Sunday, December 10

Are we alone? NASA to reveal tantalizing discoveries Thursday


 

 

An image provided by NASA shows Saturn’s largest moon Titan passing in front of the giant planet in an image made by NASA’s Cassini spacecraft. The natural color view of Saturn and one of it’s moons was made by Cassini’s wide-angle camera on May 6, 2012 and released by NASA on Wednesday Aug. 29, 2012.

NASA on Thursday will unveil its latest discoveries about ocean worlds in our solar system “and the broader search for life beyond Earth.”

The briefing will provide information gleaned from the Cassini spacecraft and Hubble Telescope, NASA says. The agency says the new discoveries will help “inform future ocean world exploration” — including NASA’s upcoming Europa Clipper mission planned for launch in the 2020s.

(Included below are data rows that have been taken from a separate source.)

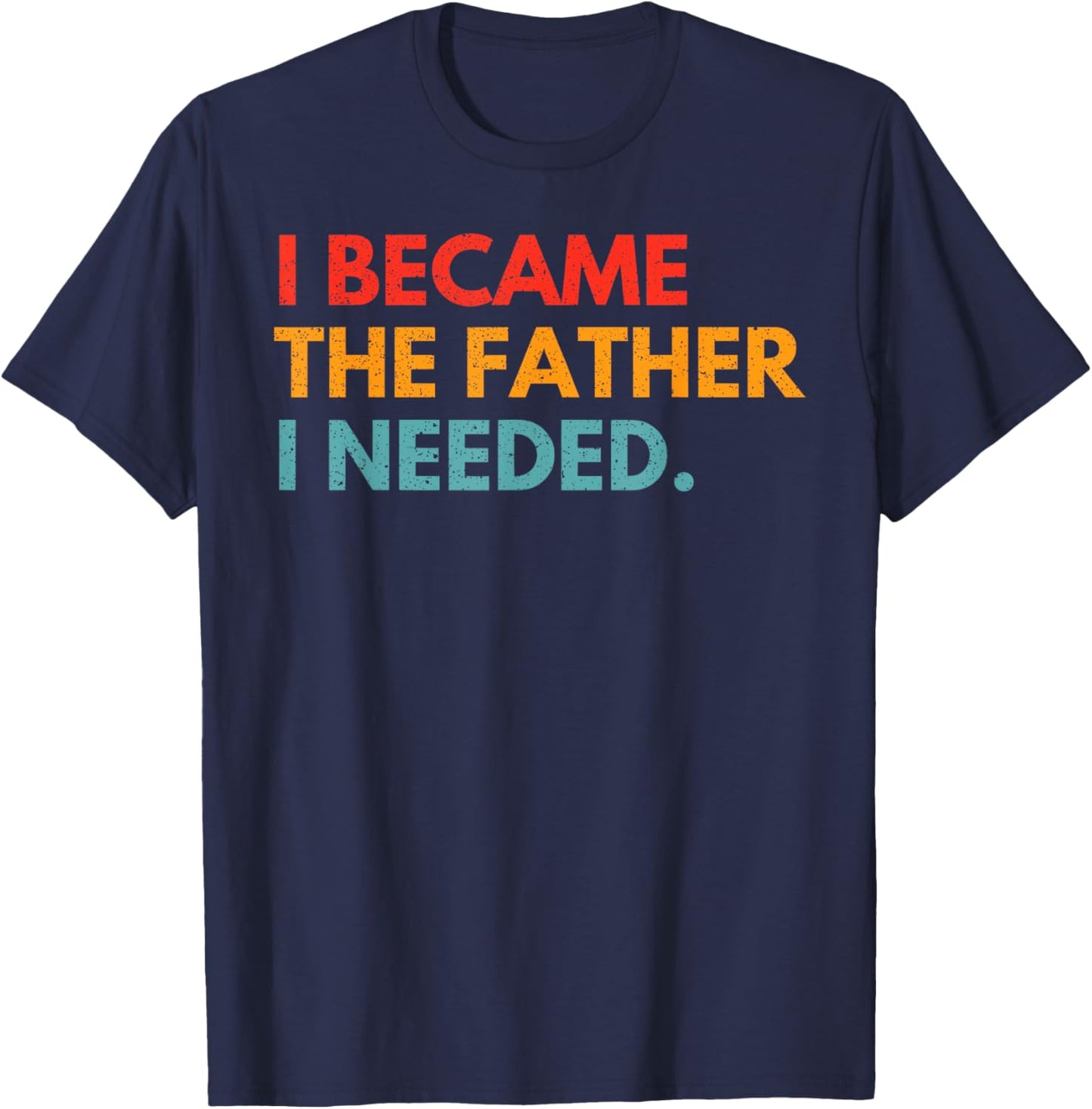 I Became The Father I Needed Meaningful Fatherhood Design T-Shirt - T-Shirt | Navy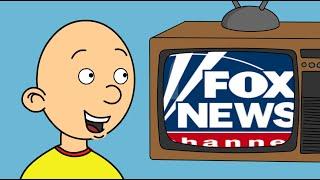 Caillou Watches Too Much Fox NewsBecomes StupidGrounded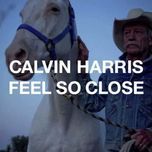 feel so close (instrumental) - calvin harris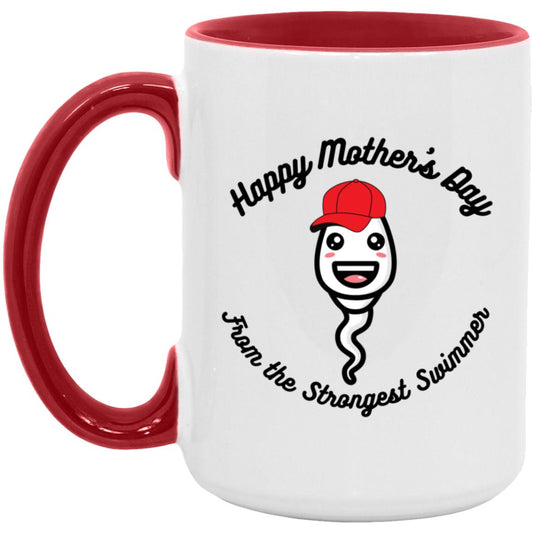 Strongest Swimmer (Mom / Mother's Day Boy Sperm) 15oz. Accent Mug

Cassini, which has been orbiting Saturn for almost 13 years, is scheduled to plunge into the gap between Saturn and its innermost ring later this month. A few months later, the nuclear-powered craft will puncture Saturn’s top clouds, disintegrate and vaporize, ending 20 years of unprecedented scientific discoveries.

The Hubble Space Telescope launched April 24, 1990, on the space shuttle Discovery and now whirls around the Earth at 17,000 miles per hour.